▶ _Work request_
Leaving out the pictures, retype the lines from the top of the listing through the line with "Movie still from" exactly.

▶ _Dataset extract_
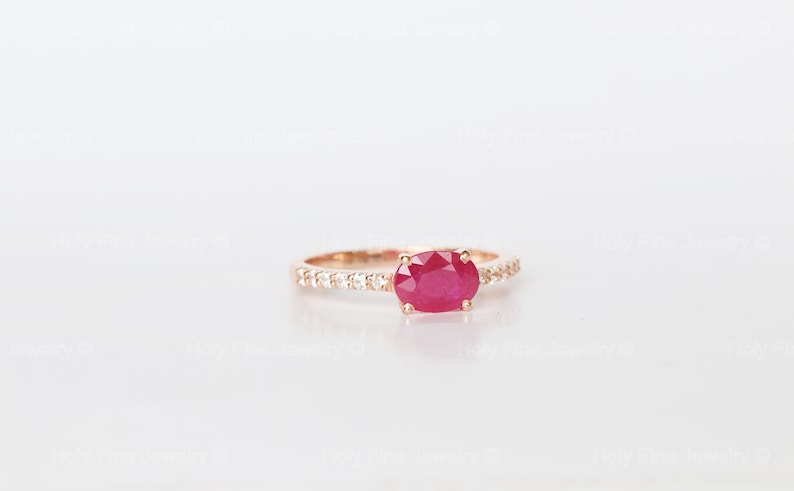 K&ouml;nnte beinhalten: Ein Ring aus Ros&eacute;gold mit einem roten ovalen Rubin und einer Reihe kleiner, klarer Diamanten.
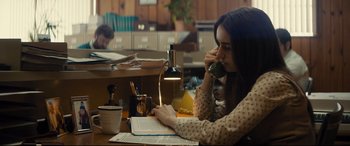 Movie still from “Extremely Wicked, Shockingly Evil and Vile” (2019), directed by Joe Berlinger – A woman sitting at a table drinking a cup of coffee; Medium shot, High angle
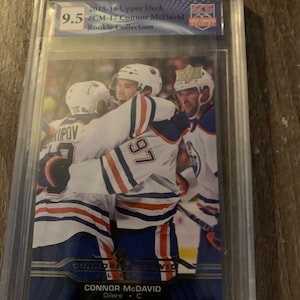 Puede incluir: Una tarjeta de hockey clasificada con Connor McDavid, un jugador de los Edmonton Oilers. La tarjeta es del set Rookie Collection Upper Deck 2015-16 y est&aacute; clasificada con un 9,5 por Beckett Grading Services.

▶ _Output for this exercise_
 K&ouml;nnte beinhalten: Ein Ring aus Ros&eacute;gold mit einem roten ovalen Rubin und einer Reihe kleiner, klarer Diamanten.
 Movie still from “Extremely Wicked, Shockingly Evil and Vile” (2019), directed by Joe Berlinger – A woman sitting at a table drinking a cup of coffee; Medium shot, High angle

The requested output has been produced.